[Stored items]
**********
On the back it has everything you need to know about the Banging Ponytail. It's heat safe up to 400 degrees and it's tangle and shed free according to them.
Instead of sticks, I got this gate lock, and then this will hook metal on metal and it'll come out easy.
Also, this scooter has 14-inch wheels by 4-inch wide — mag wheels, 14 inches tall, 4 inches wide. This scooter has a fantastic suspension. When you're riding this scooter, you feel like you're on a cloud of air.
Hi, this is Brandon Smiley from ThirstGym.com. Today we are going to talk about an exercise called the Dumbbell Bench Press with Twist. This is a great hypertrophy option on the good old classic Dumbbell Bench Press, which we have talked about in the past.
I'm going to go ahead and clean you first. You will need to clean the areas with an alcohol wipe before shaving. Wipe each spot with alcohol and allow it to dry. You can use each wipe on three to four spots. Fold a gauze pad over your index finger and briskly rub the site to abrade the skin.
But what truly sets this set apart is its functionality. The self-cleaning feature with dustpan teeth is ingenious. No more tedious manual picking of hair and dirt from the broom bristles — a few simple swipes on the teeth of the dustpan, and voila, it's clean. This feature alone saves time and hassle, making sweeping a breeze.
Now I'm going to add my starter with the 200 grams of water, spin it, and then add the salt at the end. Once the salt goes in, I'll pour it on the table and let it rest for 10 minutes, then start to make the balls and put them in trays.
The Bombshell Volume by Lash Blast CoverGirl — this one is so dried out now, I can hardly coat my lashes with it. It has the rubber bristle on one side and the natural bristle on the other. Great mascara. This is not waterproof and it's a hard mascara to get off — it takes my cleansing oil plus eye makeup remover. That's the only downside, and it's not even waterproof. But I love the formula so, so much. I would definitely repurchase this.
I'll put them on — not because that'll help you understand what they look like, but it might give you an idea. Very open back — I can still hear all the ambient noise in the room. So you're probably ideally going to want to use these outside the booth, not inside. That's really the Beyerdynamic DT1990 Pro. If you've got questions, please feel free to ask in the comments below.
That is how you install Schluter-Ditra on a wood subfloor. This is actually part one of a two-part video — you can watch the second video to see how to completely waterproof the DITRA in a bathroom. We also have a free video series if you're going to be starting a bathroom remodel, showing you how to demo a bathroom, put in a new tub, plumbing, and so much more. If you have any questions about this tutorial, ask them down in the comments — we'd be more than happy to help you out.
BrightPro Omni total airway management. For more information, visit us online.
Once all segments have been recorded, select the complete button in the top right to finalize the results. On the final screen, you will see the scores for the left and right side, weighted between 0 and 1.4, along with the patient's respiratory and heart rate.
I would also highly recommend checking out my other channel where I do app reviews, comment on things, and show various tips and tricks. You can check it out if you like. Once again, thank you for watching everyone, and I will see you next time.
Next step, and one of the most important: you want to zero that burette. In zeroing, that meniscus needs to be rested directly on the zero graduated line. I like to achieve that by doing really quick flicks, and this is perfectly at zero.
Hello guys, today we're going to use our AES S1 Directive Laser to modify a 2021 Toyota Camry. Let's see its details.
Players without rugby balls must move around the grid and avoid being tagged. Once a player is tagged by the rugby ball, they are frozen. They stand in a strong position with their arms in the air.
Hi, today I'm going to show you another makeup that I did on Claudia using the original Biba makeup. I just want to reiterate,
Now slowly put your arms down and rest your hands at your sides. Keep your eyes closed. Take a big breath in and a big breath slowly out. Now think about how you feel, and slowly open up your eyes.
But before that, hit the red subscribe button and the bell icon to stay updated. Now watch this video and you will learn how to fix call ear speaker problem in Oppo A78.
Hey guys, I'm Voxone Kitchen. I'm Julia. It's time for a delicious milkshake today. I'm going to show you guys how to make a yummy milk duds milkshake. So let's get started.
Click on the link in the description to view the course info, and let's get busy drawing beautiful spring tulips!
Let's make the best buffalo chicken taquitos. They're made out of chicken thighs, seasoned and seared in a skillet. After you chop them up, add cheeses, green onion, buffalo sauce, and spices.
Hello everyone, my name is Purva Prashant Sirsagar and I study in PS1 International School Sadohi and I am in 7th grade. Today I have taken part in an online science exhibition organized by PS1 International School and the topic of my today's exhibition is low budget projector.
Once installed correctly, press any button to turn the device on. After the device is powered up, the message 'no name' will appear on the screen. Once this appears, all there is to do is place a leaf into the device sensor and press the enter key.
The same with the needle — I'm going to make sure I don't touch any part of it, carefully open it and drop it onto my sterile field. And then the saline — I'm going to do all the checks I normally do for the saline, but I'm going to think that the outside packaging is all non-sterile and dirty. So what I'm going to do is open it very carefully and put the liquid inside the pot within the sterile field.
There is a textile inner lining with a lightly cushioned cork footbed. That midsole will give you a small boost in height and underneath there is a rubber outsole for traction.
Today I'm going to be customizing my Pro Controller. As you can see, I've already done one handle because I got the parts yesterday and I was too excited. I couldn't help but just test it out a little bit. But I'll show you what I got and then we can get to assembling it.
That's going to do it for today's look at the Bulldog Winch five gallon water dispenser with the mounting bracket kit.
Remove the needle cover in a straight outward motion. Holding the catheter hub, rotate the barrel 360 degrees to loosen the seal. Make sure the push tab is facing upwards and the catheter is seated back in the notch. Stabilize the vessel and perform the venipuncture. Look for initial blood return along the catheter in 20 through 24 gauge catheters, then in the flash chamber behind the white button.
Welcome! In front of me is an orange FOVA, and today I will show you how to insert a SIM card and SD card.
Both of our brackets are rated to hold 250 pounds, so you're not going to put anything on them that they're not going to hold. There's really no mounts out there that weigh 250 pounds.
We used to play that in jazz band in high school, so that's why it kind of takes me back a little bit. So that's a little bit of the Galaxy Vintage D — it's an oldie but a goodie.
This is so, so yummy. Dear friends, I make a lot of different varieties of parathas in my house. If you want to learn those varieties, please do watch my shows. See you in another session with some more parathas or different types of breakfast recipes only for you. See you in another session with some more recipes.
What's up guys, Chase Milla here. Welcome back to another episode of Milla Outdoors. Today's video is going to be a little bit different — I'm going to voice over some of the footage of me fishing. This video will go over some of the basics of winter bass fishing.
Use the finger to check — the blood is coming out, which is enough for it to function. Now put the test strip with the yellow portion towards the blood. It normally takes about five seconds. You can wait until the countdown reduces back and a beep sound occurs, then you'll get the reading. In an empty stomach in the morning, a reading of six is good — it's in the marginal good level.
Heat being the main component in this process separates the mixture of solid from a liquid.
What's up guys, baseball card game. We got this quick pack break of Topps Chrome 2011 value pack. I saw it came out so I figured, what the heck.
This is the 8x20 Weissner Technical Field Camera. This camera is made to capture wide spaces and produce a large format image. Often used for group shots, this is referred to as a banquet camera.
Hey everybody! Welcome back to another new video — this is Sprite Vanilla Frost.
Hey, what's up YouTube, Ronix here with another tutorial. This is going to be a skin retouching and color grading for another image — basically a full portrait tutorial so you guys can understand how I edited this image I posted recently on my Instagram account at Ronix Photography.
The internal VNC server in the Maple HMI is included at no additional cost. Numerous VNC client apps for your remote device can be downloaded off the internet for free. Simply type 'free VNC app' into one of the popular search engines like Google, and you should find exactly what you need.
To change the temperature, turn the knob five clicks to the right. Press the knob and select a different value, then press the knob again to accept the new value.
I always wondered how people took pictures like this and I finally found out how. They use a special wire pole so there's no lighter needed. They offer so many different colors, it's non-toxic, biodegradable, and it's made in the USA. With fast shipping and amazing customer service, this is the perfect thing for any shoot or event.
**********
#### Task brief:
Only the lines above starting with the one with "Next step, and" and going through the one with "Hello everyone, my" are to be copied, word for word and with both ends kept.

#### Response area:
Next step, and one of the most important: you want to zero that burette. In zeroing, that meniscus needs to be rested directly on the zero graduated line. I like to achieve that by doing really quick flicks, and this is perfectly at zero.
Hello guys, today we're going to use our AES S1 Directive Laser to modify a 2021 Toyota Camry. Let's see its details.
Players without rugby balls must move around the grid and avoid being tagged. Once a player is tagged by the rugby ball, they are frozen. They stand in a strong position with their arms in the air.
Hi, today I'm going to show you another makeup that I did on Claudia using the original Biba makeup. I just want to reiterate,
Now slowly put your arms down and rest your hands at your sides. Keep your eyes closed. Take a big breath in and a big breath slowly out. Now think about how you feel, and slowly open up your eyes.
But before that, hit the red subscribe button and the bell icon to stay updated. Now watch this video and you will learn how to fix call ear speaker problem in Oppo A78.
Hey guys, I'm Voxone Kitchen. I'm Julia. It's time for a delicious milkshake today. I'm going to show you guys how to make a yummy milk duds milkshake. So let's get started.
Click on the link in the description to view the course info, and let's get busy drawing beautiful spring tulips!
Let's make the best buffalo chicken taquitos. They're made out of chicken thighs, seasoned and seared in a skillet. After you chop them up, add cheeses, green onion, buffalo sauce, and spices.
Hello everyone, my name is Purva Prashant Sirsagar and I study in PS1 International School Sadohi and I am in 7th grade. Today I have taken part in an online science exhibition organized by PS1 International School and the topic of my today's exhibition is low budget projector.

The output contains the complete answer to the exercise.